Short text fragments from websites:
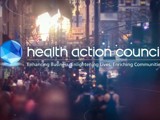 Health Action Council Youtube video thumbnail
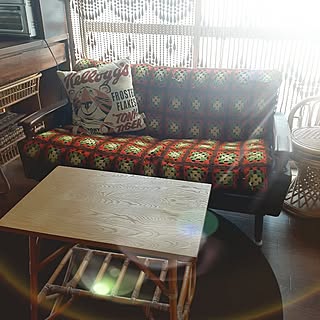 【写真でルームツアー】住まいの中で息づく小さな変化の幸せ。我が家のリセット物語。hononoさんのお家をご紹介!
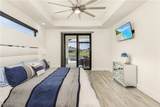 337 31st Avenue - Photo 8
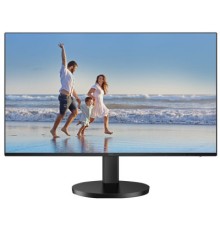 Монітор AOC 27B3CF2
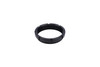 AllStar Performance ALL99254 - Adjuster Nut for Air Jack Cylinder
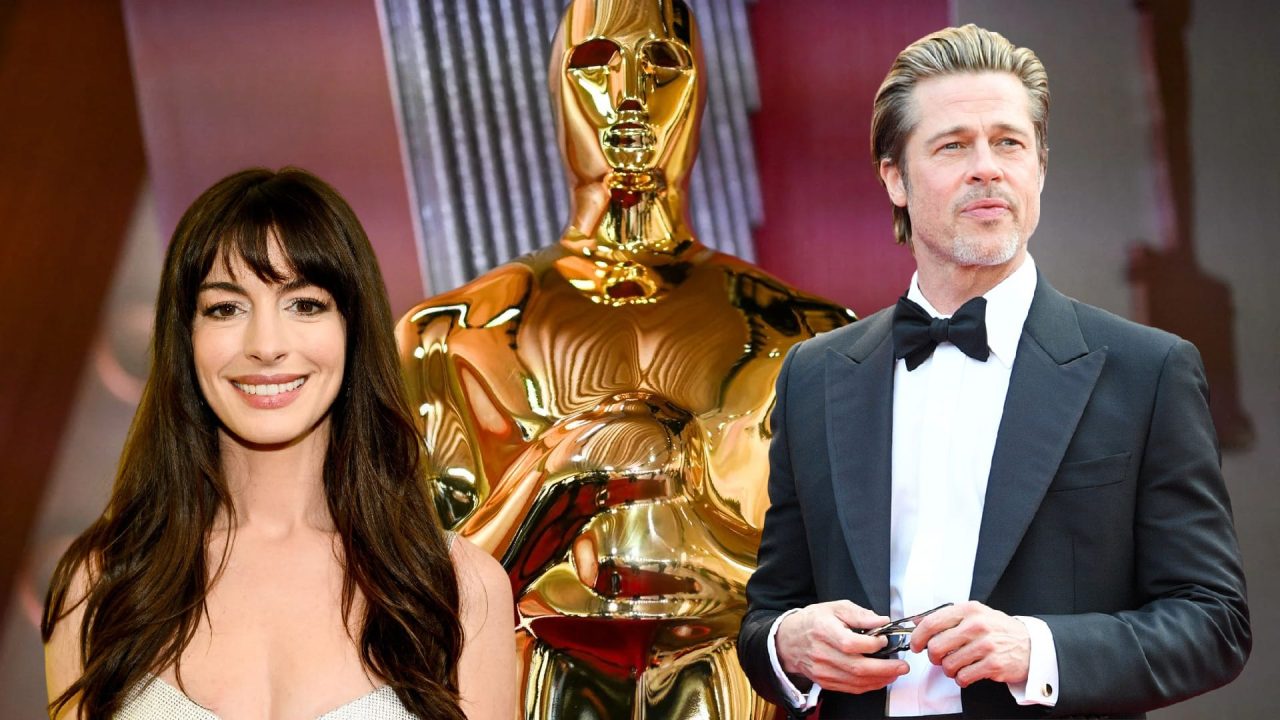 Los Oscar Regla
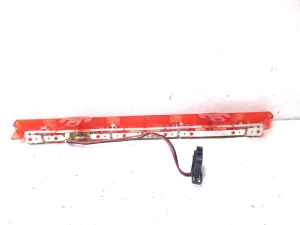 Mercedes Benz A-Class 169 (2004–2012) Additional stop light 89032461 - 3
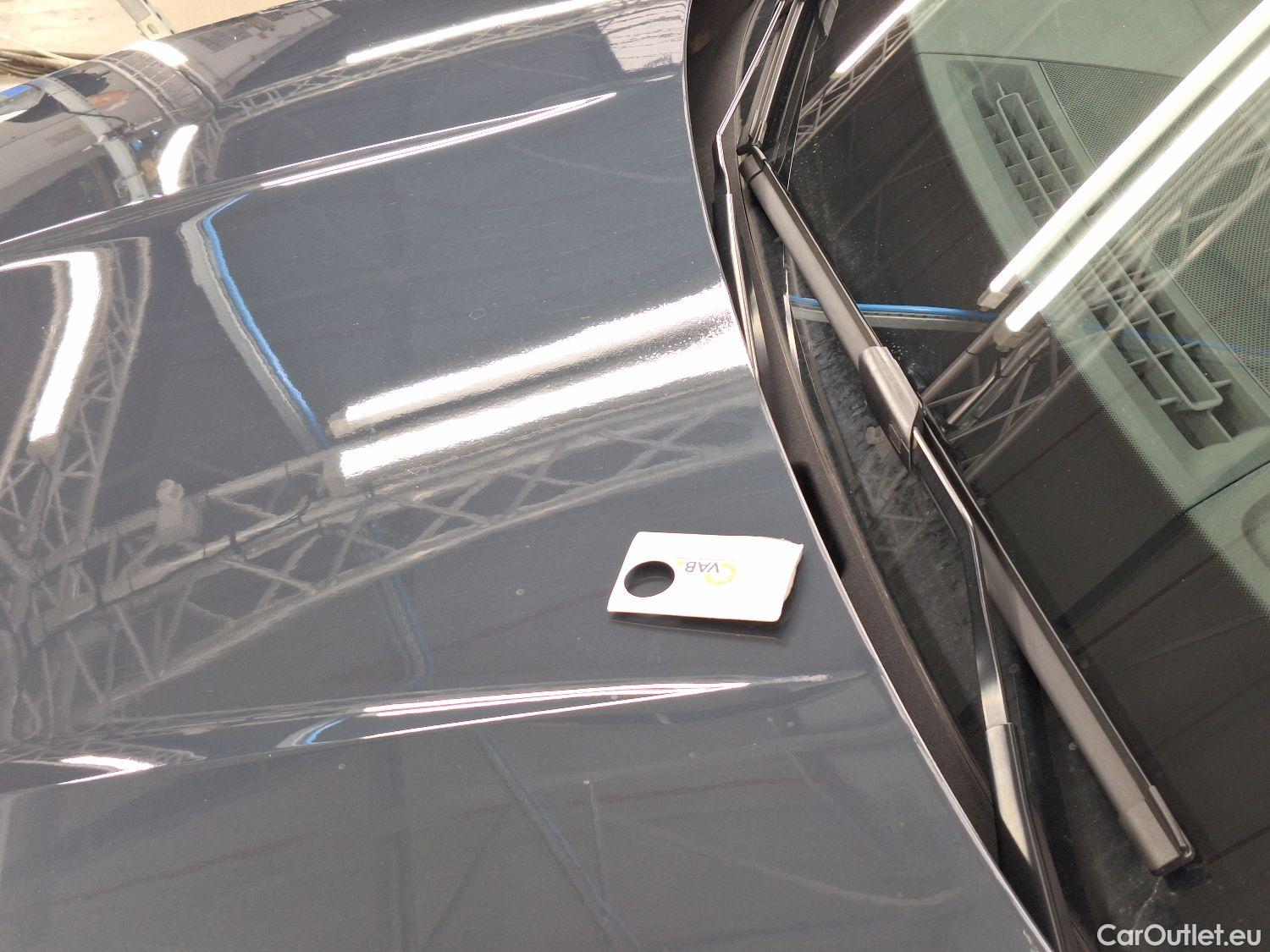  Audi  A3 Audi,  SB '20, Audi  Sportback 1.0 30 TFSi 81kW S tronic 5d #37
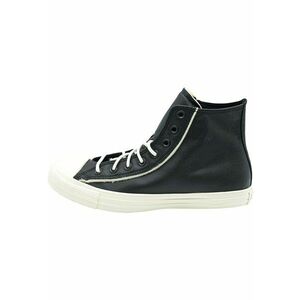 Tenisi Chuck Taylor All Star imagine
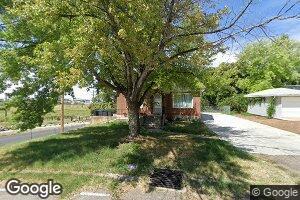 309 N 4000 W, Clearfield, UT 84015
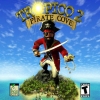 Náhled k programu Tropico 2 Pirate Cove čeština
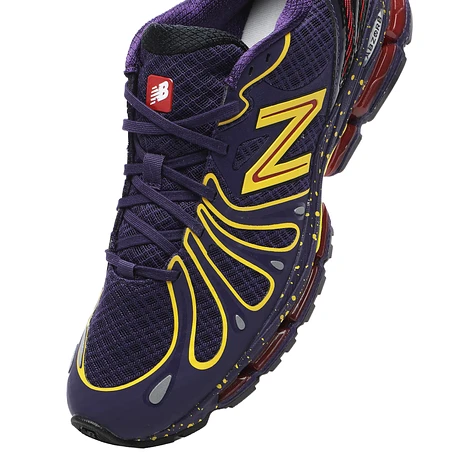 New Balance - U1890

Your goal:
Retype all the records exactly and keep out every picture.

Exercise output:
 Health Action Council Youtube video thumbnail
 【写真でルームツアー】住まいの中で息づく小さな変化の幸せ。我が家のリセット物語。hononoさんのお家をご紹介!
 337 31st Avenue - Photo 8
 Монітор AOC 27B3CF2
 AllStar Performance ALL99254 - Adjuster Nut for Air Jack Cylinder
 Los Oscar Regla
 Mercedes Benz A-Class 169 (2004–2012) Additional stop light 89032461 - 3
  Audi  A3 Audi,  SB '20, Audi  Sportback 1.0 30 TFSi 81kW S tronic 5d #37
 Tenisi Chuck Taylor All Star imagine
 309 N 4000 W, Clearfield, UT 84015
 Náhled k programu Tropico 2 Pirate Cove čeština
 New Balance - U1890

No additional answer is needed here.